Herr Grünhage, Welche Auswirkungen hat der Erfolg des Logistikknotenpunkts auf Duisburg?
Grünhage: Duisburg hat dadurch einen erheblichen Aufschwung genommen. Wir zählen jetzt 100 bis 120 chinesische Unternehmen und eine stark wachsende chinesische Community. Es leben 1.300 Chinesen in der Stadt und über 2.000 chinesische Studierende sind an der Universität-Duisburg-Essen eingeschrieben. Aber die Geschichte begann eigentlich schon viel früher. Denn Duisburg war die erste Stadt in Deutschland, die mit China eine Kooperation begonnen hat – eine Städtepartnerschaft mit Wuhan. Das war 1982 und jährt sich 2023 zum 40. Mal. Das werden wir auch gebührend feiern.

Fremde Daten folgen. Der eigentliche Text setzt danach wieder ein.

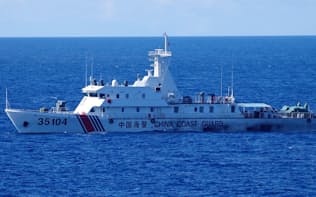 接続水域を航行する中国海警局の船=6日（第11管区海上保安本部提供）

Wie chinesisch ist Duisburg denn schon?
Grünhage: Die chinesische Community lebt vorwiegend in den Innenstadtlagen, gerade im Stadtteil Neudorf. Das ist ein Stadtteil, der sich zwischen dem Hauptbahnhof, also der Innenstadt und der Universität befindet. Da bilden sich tatsächlich chinesische Strukturen aus. Das sieht man ganz deutlich, wenn man durch den Stadtteil geht. Man sieht viele Menschen aus Asien, chinesische Restaurants und Läden. Das hat sich auch in China schon herumgesprochen. Nicht zuletzt durch den Besuch von Xi Jinping 2014 berichten die chinesischen Medien von Duisburg als China-Stadt.